I don’t think I agree. That might be cheap financially, yes. But unless there’s a strong argument that AI partners cause harm to the humans using them, then I don’t think society has a sufficiently compelling reason to justify a ban. In particular, I don’t think (and I assume most agree?) that it’s a good idea to coerce people into having children they don’t want, so the relevant question for me is, can everyone who wants children have the number of children they want? And relatedly, will AI partners cause more people who want children to become unable to have them? From which the societal intervention should be, how do we help ensure that those who want children can have them? Maybe trying to address that still leads to consistent below-replacement fertility, in which case, sure, we should consider other paths.

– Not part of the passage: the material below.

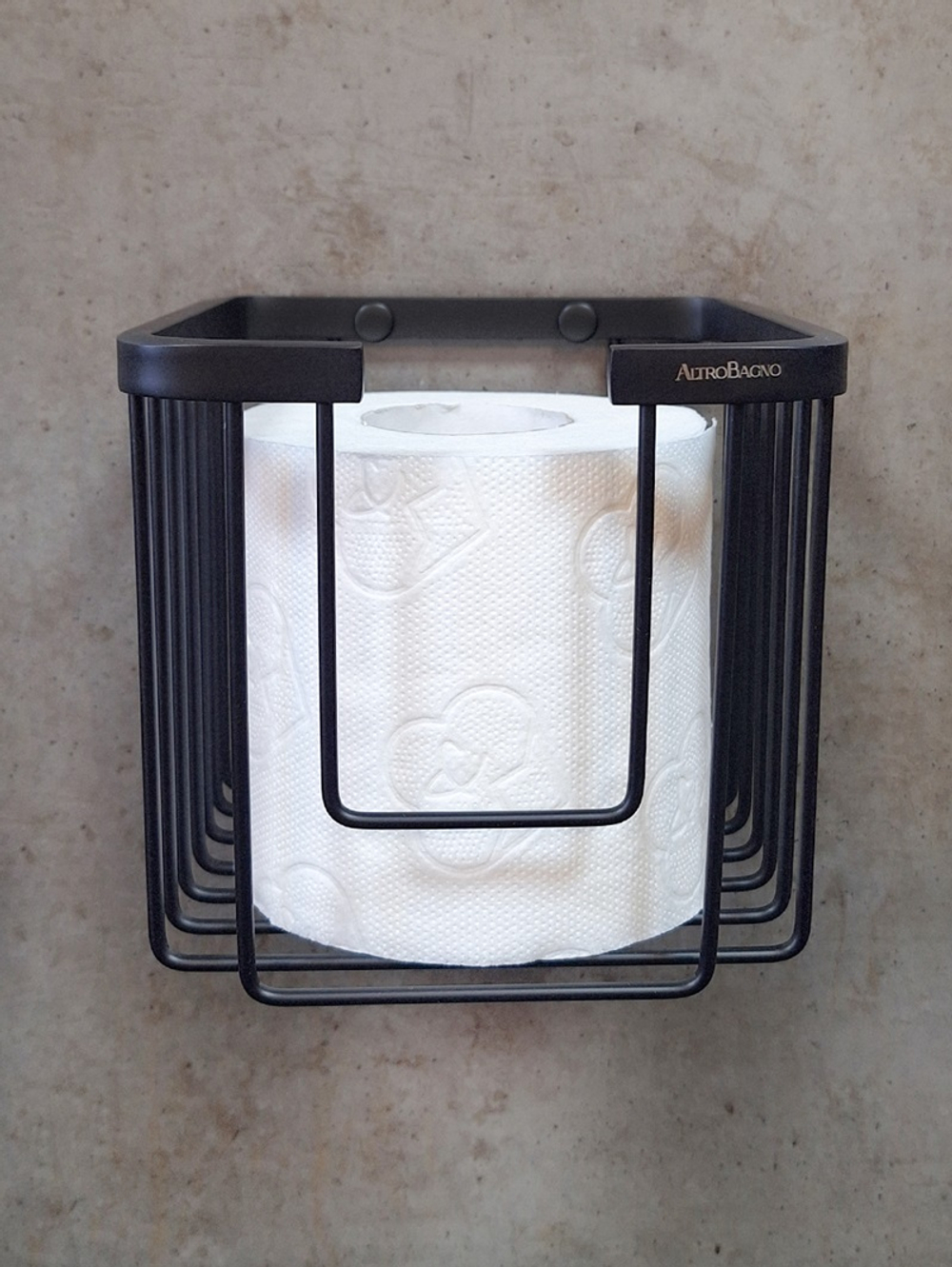 Держатель для туалетной бумаги AltroBagno Aperto 082005 MB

But we’re not actually doing that.
I think an adequate social and tech policy for the 21st century should
Recognise that needs/wants/desires/beliefs and new social constructs could be manufactured and to discuss this phenomenon explicitly, and
Deal with this social engineering consistently, either by really going out of the way to protect people’s agency and self-determination (today, people’s wants, needs, beliefs, and personalities are sculptured by different actors from when they are toddlers and start watching videos on iPads, and then only strengthens), or by allowing a “free market of influences”, but also participating in it, by subsidising the projects that will benefit the society itself.

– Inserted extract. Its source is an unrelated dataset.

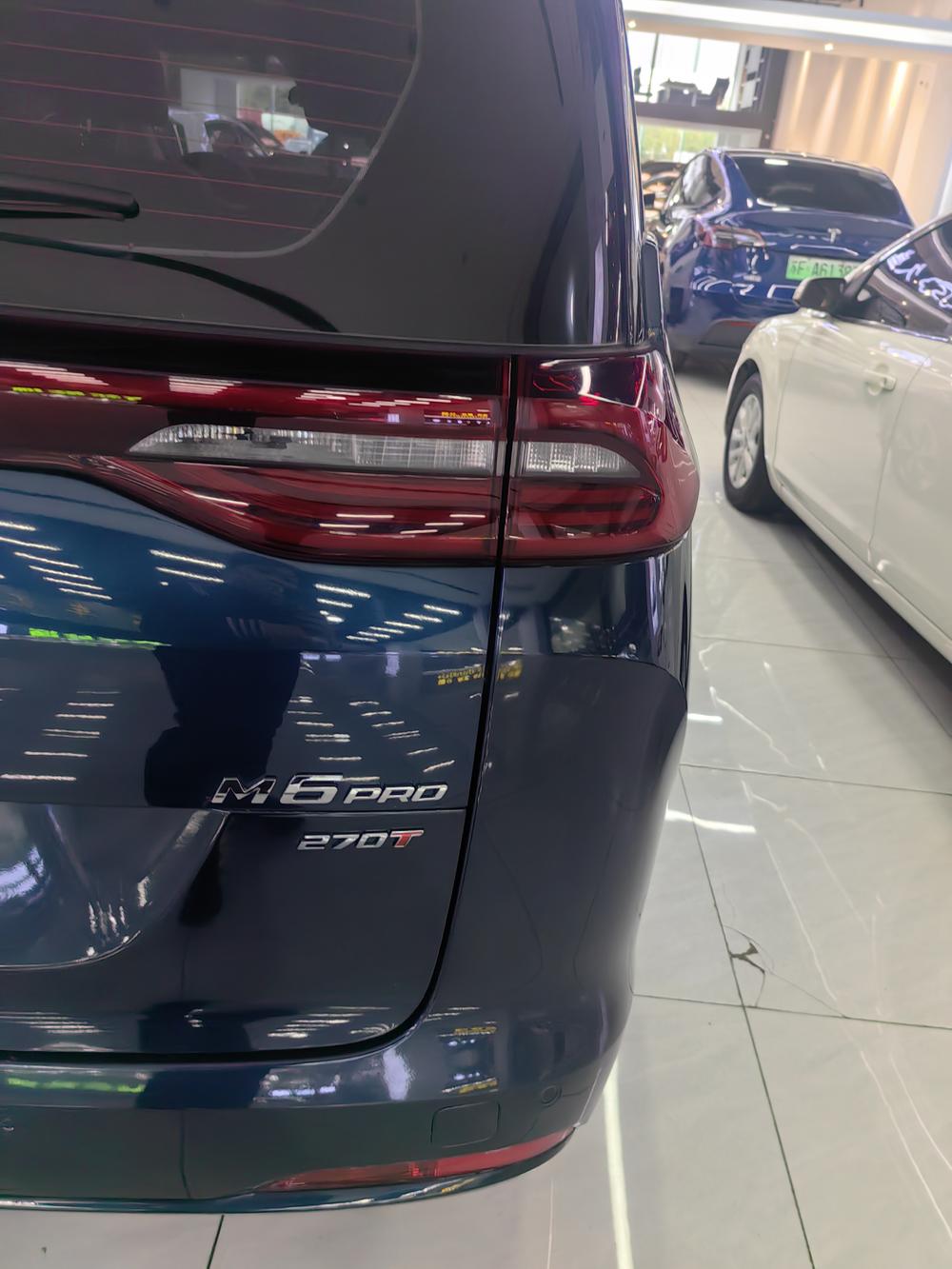 GAC Trumpchi Trumpchi M6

USA seems to be much closer to the latter option, but when people discuss policy in the US, it’s conventional not to acknowledge (see The Elephant in The Brain) the real social engineering that is already perpetuated by both state and non-state actors (from the pledge of allegiance to church to Instagram to Coca-Cola), and to presume that social engineering done by the state itself is a taboo or at least a tool of last resort.
This is just not what is already happening: apart from the pledge of allegiance, there are also many other ways in which the state (and other state-adjacent institutions and structures) is (was) proactive to manufacture people’s beliefs or wants in a certain way, or to prevent people’s beliefs or wants to be manufactured in a certain way: the Red Scare, various forms of official and unofficial (yet institutionalised) censorship, and the regulation of nicotine marketing are a few examples that came first to my mind.
Now, assuming that personal relationships is a “sacred libertarian range” and avoiding the state to weigh any influence on how people’s wants and needs around personal relationships are formed (even if through the recommended school curriculum, which is albeit a very ineffective approach to social engineering), yet allowing any corporate actors (such as AI partner startups and online dating platforms) to shape these needs and even rewire the society in whatever way they please, is just an inconsistent and a self-defeating strategy for the society and therefore for the state, too.
The state should better realise that its strength rests not only on the overt patriotism/nationalism, military/law enforcement “national security”, and the economy, but on the health and the strength of the society, too.
P. S. All the above doesn’t mean that I really prefer the “second option”. The first option, that is, human agency being protected, seems much more beautiful and “truly liberal” to me. However, this vision is completely incompatible with the present-form capitalism (to start, it probably means that ads should probably be banned completely, the entire educational system completely changed, and the need for labour-to-earn-a-living resolved through AI and automation), so it doesn’t make much practical sense to discuss this option here.